Un domingo por la tarde, después de misa, me acerqué a hablar con don Manuel, el párroco del pueblo. Le conté todo entre sollozos. Él me escuchó en silencio y luego me dijo:
—A veces los adultos olvidamos que los hijos también sufren. No tienes que cargar con sus errores ni sentirte culpable por elegir lo mejor para ti.
Aquella noche recé como nunca antes lo había hecho. Pedí fuerza para perdonar y claridad para decidir sin odio ni miedo.
La decisión llegó sola una mañana lluviosa de noviembre. Mi madre estaba preparando café cuando le dije:
—Mamá, he decidido irme a Madrid con papá. No porque te quiera menos, sino porque necesito alejarme de todo esto y empezar de nuevo.
Ella rompió a llorar y me abrazó tan fuerte que pensé que me rompería los huesos.
—Solo prométeme que no me olvidarás —susurró entre lágrimas.
—Nunca podría —le respondí.
El día que me fui del pueblo fue uno de los más tristes de mi vida. La abuela Carmen me dio su rosario y me bendijo en la puerta:
—Recuerda siempre quién eres y no guardes rencor en tu corazón.
Madrid era enorme y ruidosa; al principio me sentí perdida entre tanta gente desconocida. Pero poco a poco fui encontrando mi sitio: nuevos amigos, nuevas rutinas, nuevas ilusiones.
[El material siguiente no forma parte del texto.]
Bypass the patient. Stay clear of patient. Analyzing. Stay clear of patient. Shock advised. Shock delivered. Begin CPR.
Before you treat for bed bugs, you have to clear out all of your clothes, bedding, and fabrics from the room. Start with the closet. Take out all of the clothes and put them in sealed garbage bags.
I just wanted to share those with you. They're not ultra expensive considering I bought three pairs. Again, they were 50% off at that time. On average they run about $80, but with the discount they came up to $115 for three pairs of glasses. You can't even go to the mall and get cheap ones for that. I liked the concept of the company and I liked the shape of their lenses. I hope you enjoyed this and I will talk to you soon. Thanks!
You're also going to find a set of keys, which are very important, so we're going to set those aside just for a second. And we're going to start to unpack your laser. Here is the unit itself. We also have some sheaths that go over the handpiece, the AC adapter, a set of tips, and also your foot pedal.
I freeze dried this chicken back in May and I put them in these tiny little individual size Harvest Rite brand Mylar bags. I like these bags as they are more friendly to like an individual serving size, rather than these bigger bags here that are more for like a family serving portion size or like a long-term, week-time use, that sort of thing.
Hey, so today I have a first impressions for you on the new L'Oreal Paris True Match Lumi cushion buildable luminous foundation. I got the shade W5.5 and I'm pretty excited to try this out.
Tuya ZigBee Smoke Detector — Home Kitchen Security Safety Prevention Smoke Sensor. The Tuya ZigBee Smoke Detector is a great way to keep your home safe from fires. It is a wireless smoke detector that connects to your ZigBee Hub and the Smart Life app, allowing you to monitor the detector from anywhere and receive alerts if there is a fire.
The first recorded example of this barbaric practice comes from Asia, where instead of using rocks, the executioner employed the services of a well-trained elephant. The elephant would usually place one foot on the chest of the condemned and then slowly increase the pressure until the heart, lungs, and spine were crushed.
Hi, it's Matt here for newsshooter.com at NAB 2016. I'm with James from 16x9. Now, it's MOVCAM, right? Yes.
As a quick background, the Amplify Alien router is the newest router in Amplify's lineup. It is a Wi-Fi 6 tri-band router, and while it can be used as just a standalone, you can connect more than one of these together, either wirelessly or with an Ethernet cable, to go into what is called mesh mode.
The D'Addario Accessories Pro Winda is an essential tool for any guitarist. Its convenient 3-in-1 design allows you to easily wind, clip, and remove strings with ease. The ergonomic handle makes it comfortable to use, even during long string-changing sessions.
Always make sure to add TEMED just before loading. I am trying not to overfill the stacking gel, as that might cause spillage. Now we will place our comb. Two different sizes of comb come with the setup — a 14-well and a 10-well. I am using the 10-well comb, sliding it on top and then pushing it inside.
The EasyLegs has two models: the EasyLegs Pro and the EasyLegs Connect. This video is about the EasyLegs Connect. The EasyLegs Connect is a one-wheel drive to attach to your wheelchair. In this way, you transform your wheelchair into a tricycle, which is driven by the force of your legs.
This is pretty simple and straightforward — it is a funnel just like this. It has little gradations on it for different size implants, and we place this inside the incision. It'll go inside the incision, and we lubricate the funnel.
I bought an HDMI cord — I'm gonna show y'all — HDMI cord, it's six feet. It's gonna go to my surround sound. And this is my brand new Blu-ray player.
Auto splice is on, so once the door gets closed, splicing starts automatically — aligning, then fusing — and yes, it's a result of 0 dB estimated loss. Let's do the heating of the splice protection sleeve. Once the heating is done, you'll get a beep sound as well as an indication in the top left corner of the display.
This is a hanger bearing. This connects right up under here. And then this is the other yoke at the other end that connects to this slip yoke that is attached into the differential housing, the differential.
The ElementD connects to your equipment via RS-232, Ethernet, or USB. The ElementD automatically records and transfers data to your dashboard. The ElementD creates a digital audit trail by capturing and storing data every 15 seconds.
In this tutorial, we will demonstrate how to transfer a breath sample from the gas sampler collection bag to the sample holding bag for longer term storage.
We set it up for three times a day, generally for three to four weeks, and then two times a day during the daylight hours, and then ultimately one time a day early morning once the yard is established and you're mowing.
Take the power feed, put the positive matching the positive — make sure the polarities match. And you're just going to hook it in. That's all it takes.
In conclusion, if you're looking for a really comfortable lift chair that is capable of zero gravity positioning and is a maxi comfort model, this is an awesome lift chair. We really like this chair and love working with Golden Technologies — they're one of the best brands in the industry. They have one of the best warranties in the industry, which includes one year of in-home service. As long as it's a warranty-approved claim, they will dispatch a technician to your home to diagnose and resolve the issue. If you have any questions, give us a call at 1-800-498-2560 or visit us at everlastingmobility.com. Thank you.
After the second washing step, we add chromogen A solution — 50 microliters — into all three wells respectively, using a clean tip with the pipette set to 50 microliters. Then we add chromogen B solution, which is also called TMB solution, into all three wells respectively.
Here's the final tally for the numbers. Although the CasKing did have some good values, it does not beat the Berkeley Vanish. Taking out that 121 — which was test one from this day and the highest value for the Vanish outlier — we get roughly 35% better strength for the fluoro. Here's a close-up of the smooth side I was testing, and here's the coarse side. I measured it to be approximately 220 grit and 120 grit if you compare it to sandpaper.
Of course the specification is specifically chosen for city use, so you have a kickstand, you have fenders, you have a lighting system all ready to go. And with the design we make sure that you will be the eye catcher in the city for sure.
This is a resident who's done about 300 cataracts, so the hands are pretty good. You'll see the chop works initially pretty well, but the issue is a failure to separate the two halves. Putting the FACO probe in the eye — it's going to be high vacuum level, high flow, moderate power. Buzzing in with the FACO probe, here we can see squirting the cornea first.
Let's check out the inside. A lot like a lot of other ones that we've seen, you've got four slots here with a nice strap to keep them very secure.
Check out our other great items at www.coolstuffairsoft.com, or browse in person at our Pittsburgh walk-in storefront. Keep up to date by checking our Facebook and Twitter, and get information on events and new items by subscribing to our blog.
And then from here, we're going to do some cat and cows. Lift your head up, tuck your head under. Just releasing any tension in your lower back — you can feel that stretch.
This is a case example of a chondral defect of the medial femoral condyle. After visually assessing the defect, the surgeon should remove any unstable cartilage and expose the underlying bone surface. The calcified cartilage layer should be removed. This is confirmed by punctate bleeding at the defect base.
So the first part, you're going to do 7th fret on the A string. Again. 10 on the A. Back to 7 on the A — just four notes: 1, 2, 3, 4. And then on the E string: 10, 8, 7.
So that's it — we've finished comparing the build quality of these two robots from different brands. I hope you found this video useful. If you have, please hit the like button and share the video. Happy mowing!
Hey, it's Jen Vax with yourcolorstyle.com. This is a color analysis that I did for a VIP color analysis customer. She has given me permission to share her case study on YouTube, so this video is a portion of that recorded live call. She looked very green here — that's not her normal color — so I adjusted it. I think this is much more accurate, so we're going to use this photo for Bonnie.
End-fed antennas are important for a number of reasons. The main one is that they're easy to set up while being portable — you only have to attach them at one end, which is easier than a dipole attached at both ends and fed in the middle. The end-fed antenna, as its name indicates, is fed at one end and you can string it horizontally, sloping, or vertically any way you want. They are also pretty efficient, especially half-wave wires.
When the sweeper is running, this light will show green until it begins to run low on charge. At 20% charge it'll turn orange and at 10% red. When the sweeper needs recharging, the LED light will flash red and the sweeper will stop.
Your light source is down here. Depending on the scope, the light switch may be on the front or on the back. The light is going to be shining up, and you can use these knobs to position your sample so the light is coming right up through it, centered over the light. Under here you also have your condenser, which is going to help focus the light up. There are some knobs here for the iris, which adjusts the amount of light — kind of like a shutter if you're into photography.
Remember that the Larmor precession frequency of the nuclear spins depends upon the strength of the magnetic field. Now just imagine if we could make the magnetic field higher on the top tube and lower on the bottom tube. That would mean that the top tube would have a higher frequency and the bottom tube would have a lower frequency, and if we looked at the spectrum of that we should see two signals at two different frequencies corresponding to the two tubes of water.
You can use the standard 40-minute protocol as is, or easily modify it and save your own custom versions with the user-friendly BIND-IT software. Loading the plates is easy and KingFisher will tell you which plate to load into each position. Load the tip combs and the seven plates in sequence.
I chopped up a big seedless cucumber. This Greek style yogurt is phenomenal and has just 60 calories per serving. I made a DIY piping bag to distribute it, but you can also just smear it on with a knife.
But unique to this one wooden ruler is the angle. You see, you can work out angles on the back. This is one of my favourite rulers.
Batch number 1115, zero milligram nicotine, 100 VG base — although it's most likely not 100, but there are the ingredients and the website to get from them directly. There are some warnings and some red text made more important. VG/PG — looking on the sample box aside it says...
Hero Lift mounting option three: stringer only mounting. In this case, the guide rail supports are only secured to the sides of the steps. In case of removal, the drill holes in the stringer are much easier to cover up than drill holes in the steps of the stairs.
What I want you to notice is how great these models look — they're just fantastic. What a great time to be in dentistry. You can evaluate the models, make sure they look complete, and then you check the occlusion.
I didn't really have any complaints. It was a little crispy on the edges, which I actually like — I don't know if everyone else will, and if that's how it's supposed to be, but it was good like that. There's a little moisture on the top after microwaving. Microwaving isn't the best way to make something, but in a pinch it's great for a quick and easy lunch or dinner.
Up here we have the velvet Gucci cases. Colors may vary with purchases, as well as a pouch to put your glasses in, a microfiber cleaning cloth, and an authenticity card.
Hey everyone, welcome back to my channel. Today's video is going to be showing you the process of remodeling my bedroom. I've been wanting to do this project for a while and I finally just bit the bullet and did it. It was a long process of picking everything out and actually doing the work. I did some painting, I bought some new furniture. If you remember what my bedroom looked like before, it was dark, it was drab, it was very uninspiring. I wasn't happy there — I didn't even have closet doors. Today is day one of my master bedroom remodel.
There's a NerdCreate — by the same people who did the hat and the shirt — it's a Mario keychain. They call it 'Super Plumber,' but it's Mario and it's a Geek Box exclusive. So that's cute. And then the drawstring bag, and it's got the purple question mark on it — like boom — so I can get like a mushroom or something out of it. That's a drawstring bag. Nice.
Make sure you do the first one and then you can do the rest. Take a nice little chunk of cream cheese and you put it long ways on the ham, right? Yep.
Mi padre intentó compensar el tiempo perdido, aunque yo sabía que nada volvería a ser igual.
Con el tiempo aprendí a perdonarles a ambos. A entender que los adultos también se equivocan y que el amor puede romperse sin dejar de existir del todo. Hoy sigo rezando cada noche, no para pedir milagros, sino para dar gracias por haber encontrado la fuerza para tomar mi propio camino.
A veces me pregunto: ¿Cuántos hijos más tendrán que elegir entre sus padres? ¿Por qué olvidamos tan fácilmente el dolor de quienes más queremos? ¿Y vosotros? ¿Habéis tenido que tomar alguna vez una decisión así?